Evolution de la situation des femmes en Somalie

Une avancée mais encore un long chemin à parcourir

Le conflit a coûté la vie à de nombreux hommes, résultant que plus de la moitié des femmes sont veuves et environ 70% des enfants sont élevés par des femmes seules. Le rôle des femmes dans la société somalienne est donc très important.

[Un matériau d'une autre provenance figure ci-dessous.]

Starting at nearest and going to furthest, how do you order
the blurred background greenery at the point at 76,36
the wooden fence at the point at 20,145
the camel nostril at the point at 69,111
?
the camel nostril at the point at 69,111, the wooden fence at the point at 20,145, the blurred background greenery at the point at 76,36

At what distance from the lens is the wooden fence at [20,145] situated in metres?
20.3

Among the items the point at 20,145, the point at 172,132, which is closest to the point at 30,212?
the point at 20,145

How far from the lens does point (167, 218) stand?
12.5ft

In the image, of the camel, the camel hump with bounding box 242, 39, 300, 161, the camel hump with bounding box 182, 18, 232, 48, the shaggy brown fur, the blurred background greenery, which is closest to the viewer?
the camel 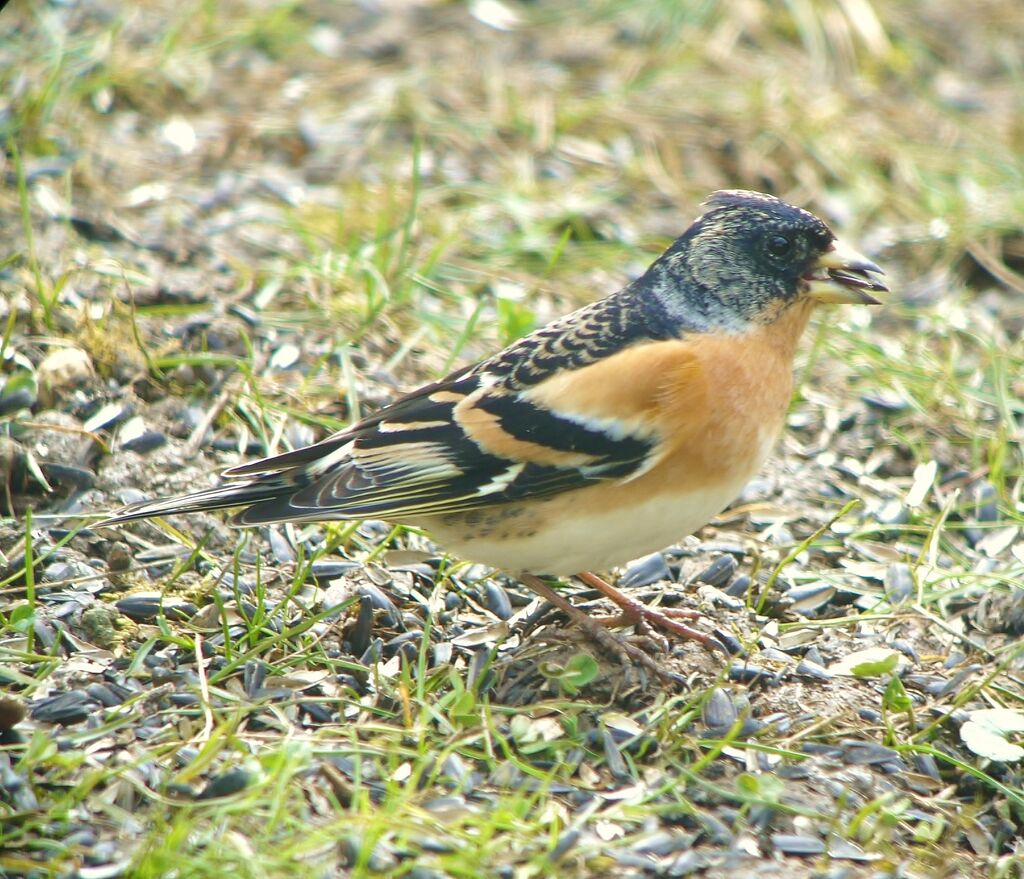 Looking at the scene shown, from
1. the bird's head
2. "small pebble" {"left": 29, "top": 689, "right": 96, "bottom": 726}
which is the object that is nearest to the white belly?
the bird's head

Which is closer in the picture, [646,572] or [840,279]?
[840,279]

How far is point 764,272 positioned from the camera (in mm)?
2938

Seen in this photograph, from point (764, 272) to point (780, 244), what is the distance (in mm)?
70

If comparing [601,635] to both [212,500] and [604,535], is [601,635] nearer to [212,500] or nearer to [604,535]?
[604,535]

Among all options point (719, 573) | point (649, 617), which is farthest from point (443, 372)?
point (649, 617)

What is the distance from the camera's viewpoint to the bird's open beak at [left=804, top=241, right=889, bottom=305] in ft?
9.62

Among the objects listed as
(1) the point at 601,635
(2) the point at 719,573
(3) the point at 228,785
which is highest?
(3) the point at 228,785

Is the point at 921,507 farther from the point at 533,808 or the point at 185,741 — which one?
the point at 185,741

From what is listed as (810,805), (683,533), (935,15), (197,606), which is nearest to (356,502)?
(197,606)

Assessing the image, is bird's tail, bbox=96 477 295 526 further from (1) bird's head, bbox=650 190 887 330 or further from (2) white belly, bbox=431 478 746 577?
(1) bird's head, bbox=650 190 887 330

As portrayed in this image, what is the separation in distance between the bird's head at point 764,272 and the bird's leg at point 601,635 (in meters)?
0.67

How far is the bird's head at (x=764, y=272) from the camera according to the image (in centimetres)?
292

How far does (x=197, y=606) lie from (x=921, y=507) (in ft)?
6.23

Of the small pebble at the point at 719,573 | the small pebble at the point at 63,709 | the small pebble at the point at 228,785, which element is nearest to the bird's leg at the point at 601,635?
the small pebble at the point at 719,573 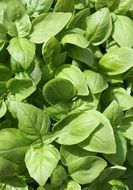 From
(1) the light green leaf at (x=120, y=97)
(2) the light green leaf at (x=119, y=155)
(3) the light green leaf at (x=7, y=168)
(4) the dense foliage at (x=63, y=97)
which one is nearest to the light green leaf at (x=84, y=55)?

Aspects socio-économiques:

Traditionnellement, leur rôle se limitait à avoir des enfants, à les élever et à effectuer les tâches ménagères. L’éclatement des familles somaliennes, provoqué par la guerre civile, a poussé les femmes à assumer de nouvelles fonctions économiques. Avant, elles dépendaient financièrement de leur mari et la principale activité du pays était l’agriculture, mais après le conflit, il fût difficile de récupérer les terres, les infrastructures avaient été détruites et il n’y avait pas de source de revenus dans ce secteur. Les femmes n’ont pas toutes eu la possibilité de récupérer les terres de leur mari mort au combat et se sont vu parfois sans terre et sans maison. Il était donc nécessaire de trouver d’autres sources de revenus et les femmes ont du sortir du foyer pour trouver un emploi : on a alors assisté à la féminisation du marché du travail. Elles se sont dirigées principalement vers les secteurs des affaires et du commerce. Les femmes en Somalie représentent la part la plus importante de la main-d’œuvre. Toutefois, selon la Commission des droits de l’homme des Nations Unies, le nouveau rôle des femmes dans la sphère économique n’a pas changé radicalement leur statut dans la société. Il est vrai que les femmes essaient d’accéder à des postes de direction, mais c’est extrêmement difficile sans la formation et l’éducation nécessaires pour assumer de telles fonctions.

Education:

L’idée que les femmes n’ont pas les compétences professionnelles requises pour occuper des fonctions de direction n’est pas sans fondement : elles n’ont eu jusqu’ici pratiquement aucun accès à l’éducation ou à une formation. Aujourd’hui encore, nombreuses sont les femmes illettrées en Somalie. Le taux de scolarisation des enfants est très faible et les filles y sont sous-représentées à cause des contraintes traditionnelles et islamiques qui limitent le mouvement des jeunes filles célibataires à l’extérieur de la maison et le fait que l’on accorde moins d’importance à l’instruction des filles somaliennes qu’à celle des garçons puisque les filles sont considérées comme ne faisant partie que temporairement du foyer familial. Nombreuses sont les mères qui pensent que leurs filles auront une vie meilleure si elles trouvent rapidement un mari. En réalité, cela ne se vérifie pas car les unions sont, dans la plupart des cas, suivies d’un divorce et si les femmes n’ont pas acquis les compétences pour avoir un emploi décent, elles ne pourront pas nourrir leurs enfants et finiront dans un bidonville. L’éducation des filles et des femmes adultes reste donc un des domaines dans lequel de nombreux progrès restent à faire.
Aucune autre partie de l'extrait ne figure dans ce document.